I felt money as a motive should be equal or below having a passion for helping others or learning new crafts and skills. Business is certainly not about making money only is what I've learned from this little eye opening book.
"A Better Way to Think About Business: How Personal Integrity Leads to Corporate Success" delivers exactly what its title promises, and has already helped me through a couple of ethical dilemmas that I've had to resolve in the course of my job. This book is very clearly written and provokes clear thinking on the subject of business ethics. It does not insult your intelligence by stringing slogans together and calling the result a 'business ethic'. (Personal note: I am so bloody sick of books that proport to teach me 'Managing by Values' and turn out to be fluff and slogans and bad writing to boot. Business ethics is a very complex and gut-wrenching subject, and some authors need to treat their readers with a bit more honor and dignity.)
Sorry for the above tirade. Read this book. If you don't have time to read the whole thing, dip into the 'Catalog of Business Virtues' at the end of the book and try to schedule a virtue per day to think about on the long commute home. I'm sure I'll keep going back to Robert Solomon for a 'better way to think about' the really tough business situations.
Robert Solomon uses an Aristotelian approach i.e. he is quite cognitively oriented. His books appeal to the logical mind, but the implications certainly extend to larger contexts and areas that are important, but more difficult to articulate. This larger processing and application is often left to the reader.

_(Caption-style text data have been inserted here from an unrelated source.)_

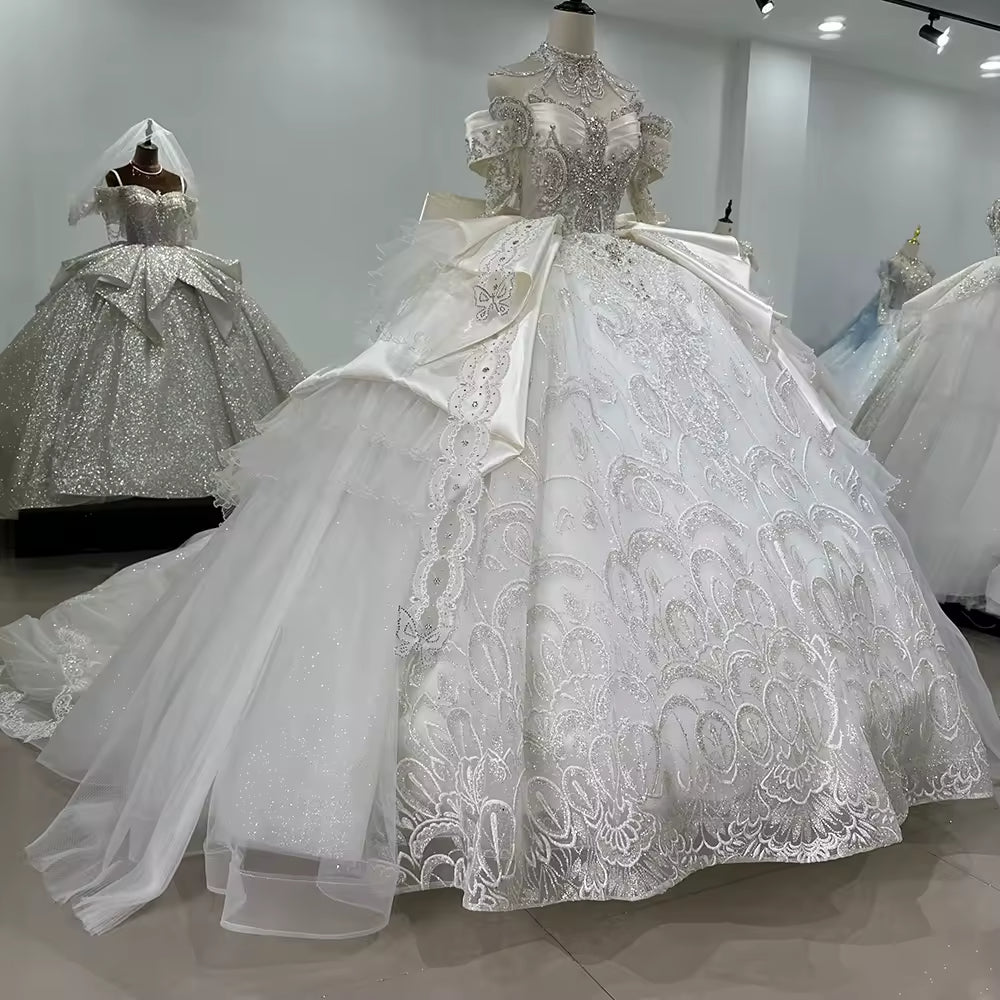 TW168 Vestido Casamento Long Sleeve Sweetheart Bow Wedding Dress Lace Up Back Ball Gown Sequined Beading Embroidery Bridal Dress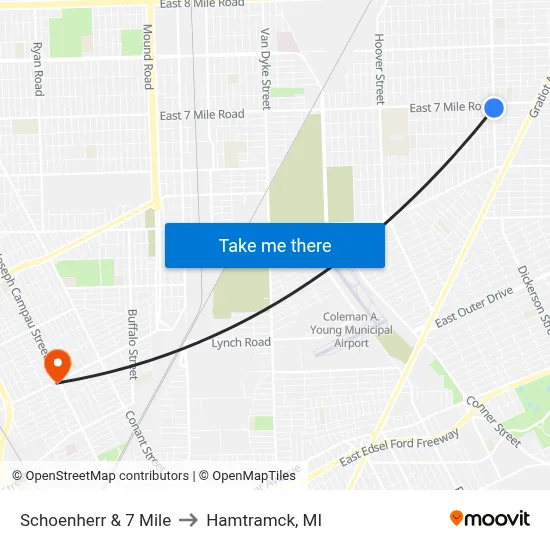 Schoenherr & 7 Mile to Hamtramck, MI map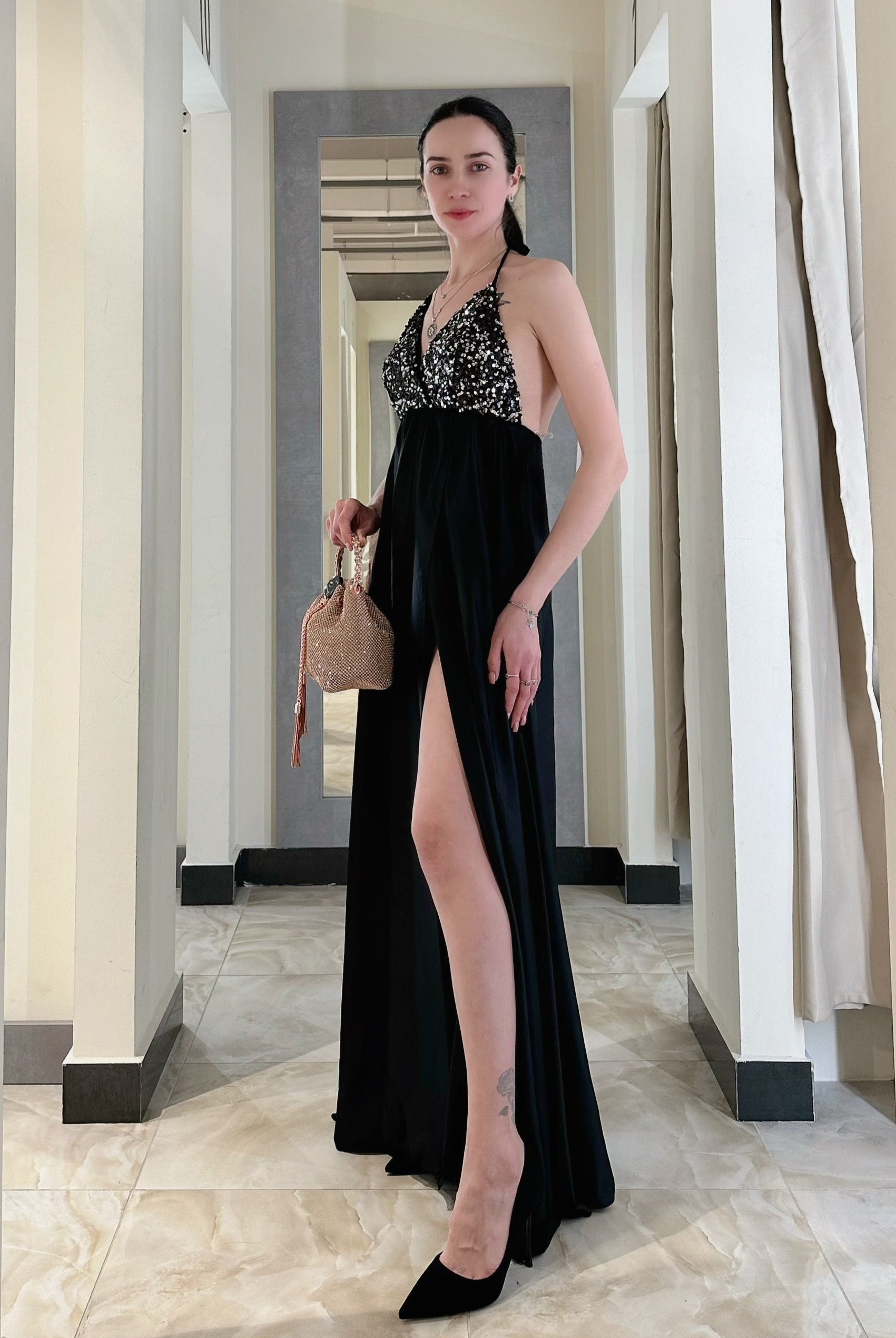 Abito da ballo con paillettes con spacchi a coscia con schiena scoperta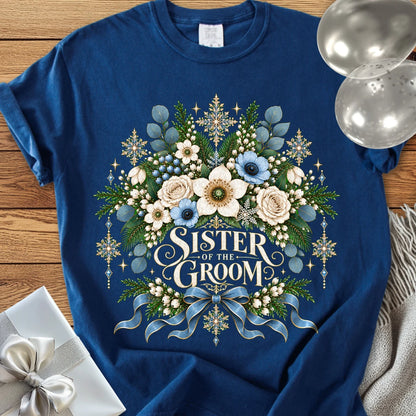 Sister of the Groom - Premium Winter Botanical Wedding T-Shirt - True Navy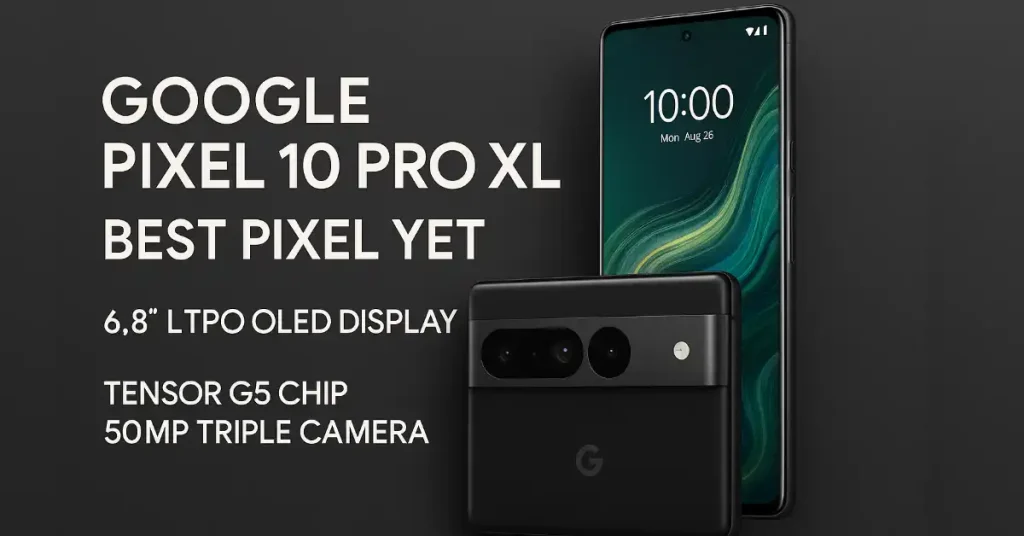 Google Pixel 10 Pro XL in Moonstone color showcasing refined design with horizontal camera bar and premium build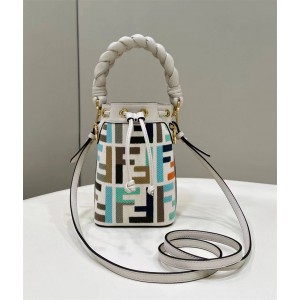 Fendi 8BS010 Mon Tresor embroidered denim bucket bag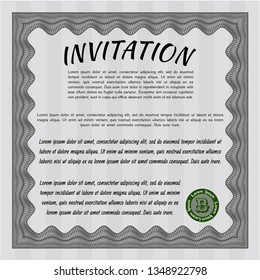 Grey Retro invitation. Customizable, Easy to edit and change colors. With background. Money design. 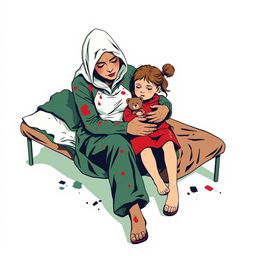 An abstract flat pop art depiction of a dirty Caucasian homeless mother sitting on a messy cot, embracing her young Caucasian daughter, who is clutching a small stuffed teddy bear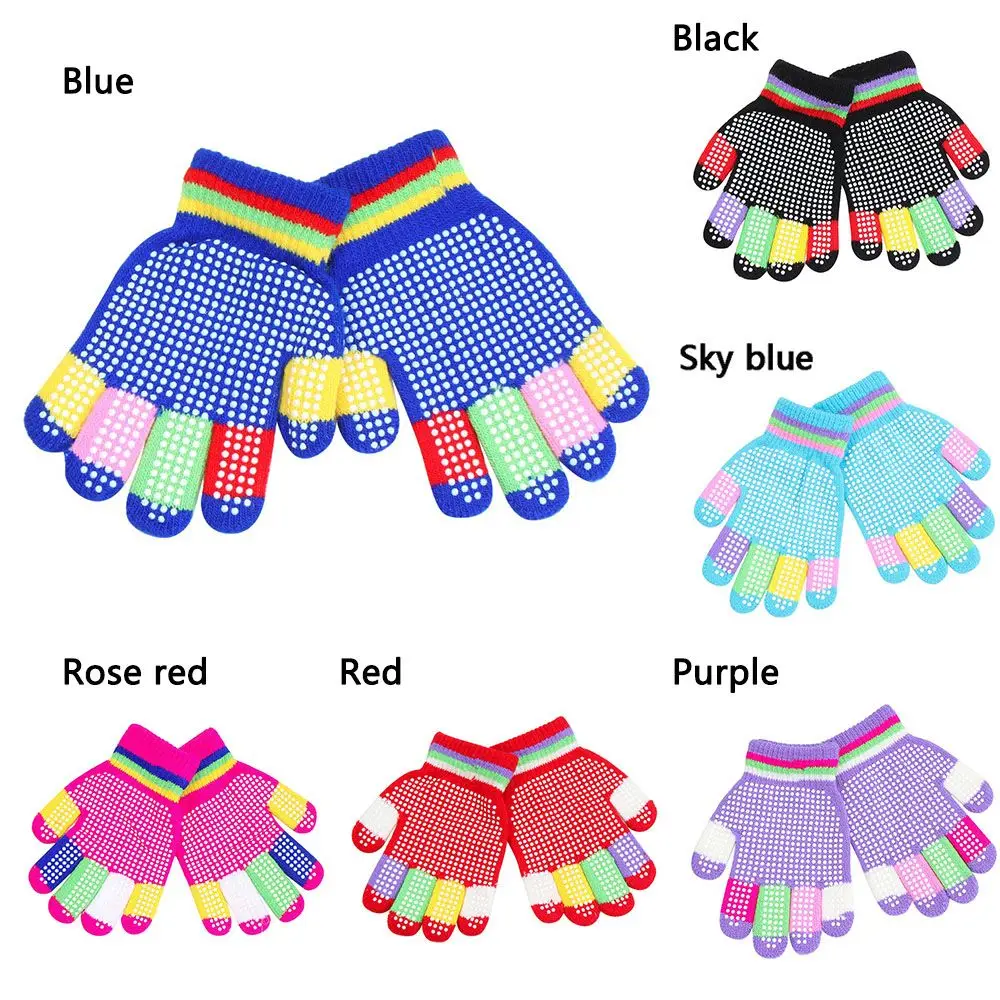 5-8 Years Winter Knitted Gloves For Girls Boys Antiskid Warm Full Finger Mittens Gloves for Children Kids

As multinational corporations gain more power to do good and ill on large scales, it is increasingly important for business leaders to look at the ethical implications of how they do business, the economic landscape and even the metaphysics that underlies our economics. This book is certainly a right step in that direction. I would also suggest that we look at how we compensate our CEOs. For example, how would things be different if we compensated CEOs more heavily on their five and ten year performance rather on the very next quarter's results.